I would just like to be the agent listing it. Probably going to be bought by a Chinese business person.


----------



## flysalt060 (Aug 5, 2012)

That is a damn shame!Broke and trained quite a few horses from there or known parents came from there. Never thought the sixes would be sold off. The man who taught myself and a few others in Franklin,Tn, worked there , and grew up with the ranch super there. If I remember correctly, without google, the Burnett’s owned it. The man who was super there from the ‘50’s to ‘80?was who Mr Bob grew up with and worked for. Hope the Miller family has kept they’re land. About 400k in west Texas, some Colorado and the Dakota’s.


----------



## flysalt060 (Aug 5, 2012)

It also used to bigger than 250,000 plus acres. Not remembering my Texas geography, they had land in panhandle, unless the small tract is there. West Texas, is Texas!Running mesquite and scrub oak. Bring cattle from there to here in southeast, they eat all day.Very little trace minerals here and out there , every mouthful is bang for buck. Except central Fla, better grass.


----------



## flysalt060 (Aug 5, 2012)

JRHorne said:


> According to some on here, they'd take a straight trade for a nice Chittum Skiff...
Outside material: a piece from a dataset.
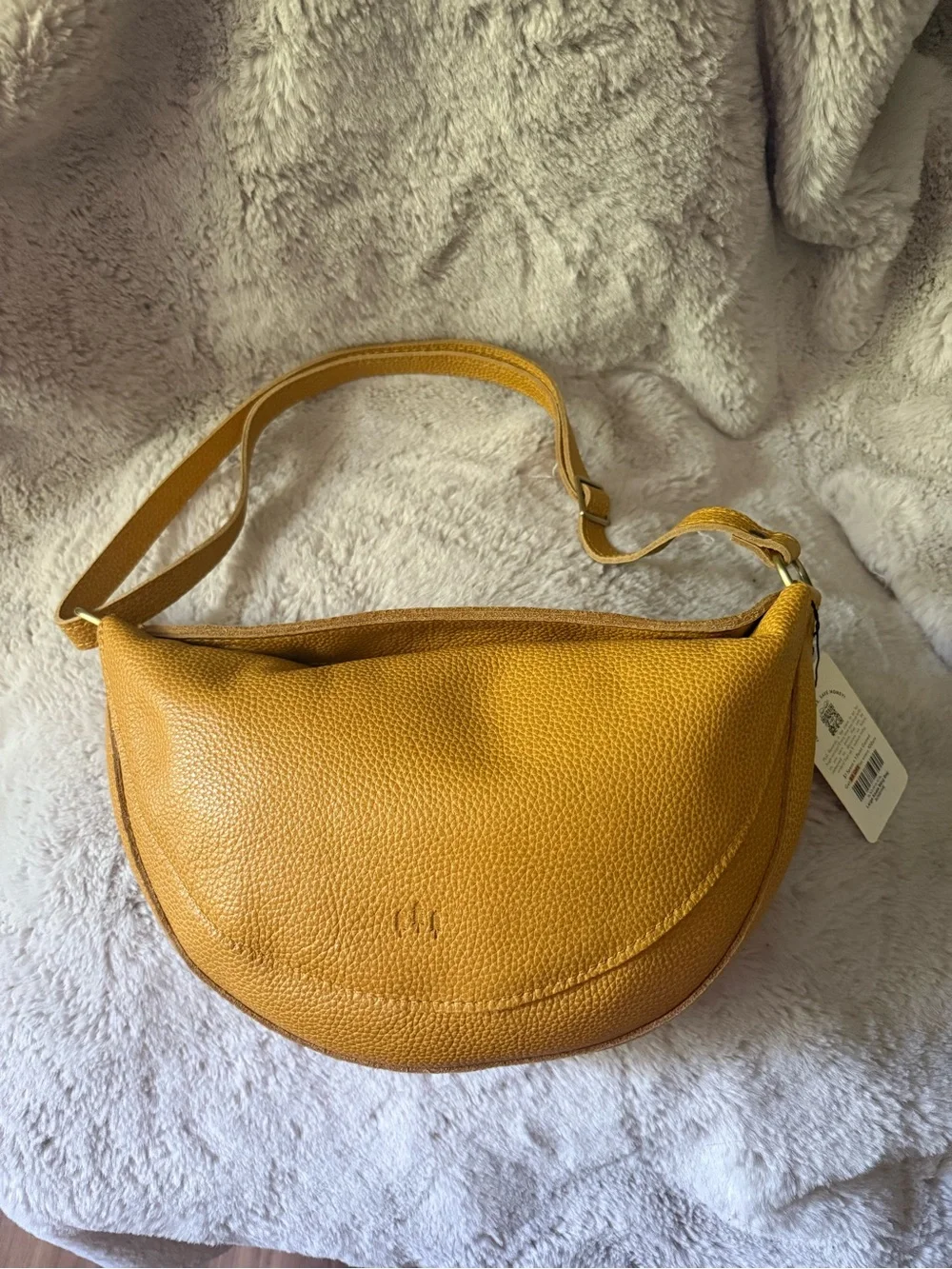 Portland leather large koala sling bag in sunshine NWT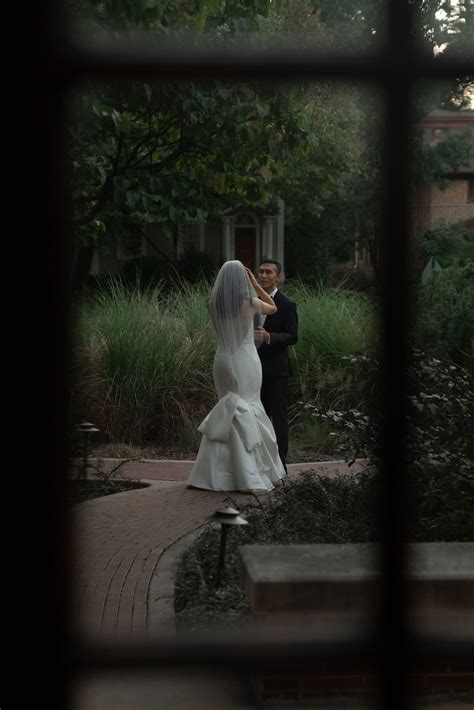 Hattie and Yang wedding at Elizabeth F Cheney Mansion in Chicago - Emma ...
Maybe 10 of them. Or 20 hellsbays. Big maybe.


----------



## JC Designs (Apr 5, 2020)

flysalt060 said:


> Maybe 10 of them. Or 20 hellsbays. Big maybe.


Ya think a mil would buy it?


----------



## Smackdaddy53 (Dec 31, 2012)

JC Designs said:


> Ya think a mil would buy it?


Maybe buy the ad!


----------



## DuckNut (Apr 3, 2009)

JC Designs said:


> Ya think a mil would buy it?


Listed at $360

Wonder what the next move is for their family?


----------



## JC Designs (Apr 5, 2020)

Smackdaddy53 said:


> Maybe buy the ad!





DuckNut said:


> Listed at $360
> 
> Wonder what the next move is for their family?


Was sarcasm, related to previous post of trading 10-20 high end skiffs for it! Plus, I’ve been looking for acreage in the big bend for a hunting camp and knew 100 mil wouldn’t touch it!🤣🤣🤣 But a fellow can dream right


----------



## BassFlats (Nov 26, 2018)

I'd be happy with 40 acres and a mule


----------



## m32825 (Jun 29, 2018)

> Wonder what the next move is for their family?


Probably looking forward to having a lot less yard to mow...


----------



## JC Designs (Apr 5, 2020)

m32825 said:


> Probably looking forward to having a lot less yard to mow...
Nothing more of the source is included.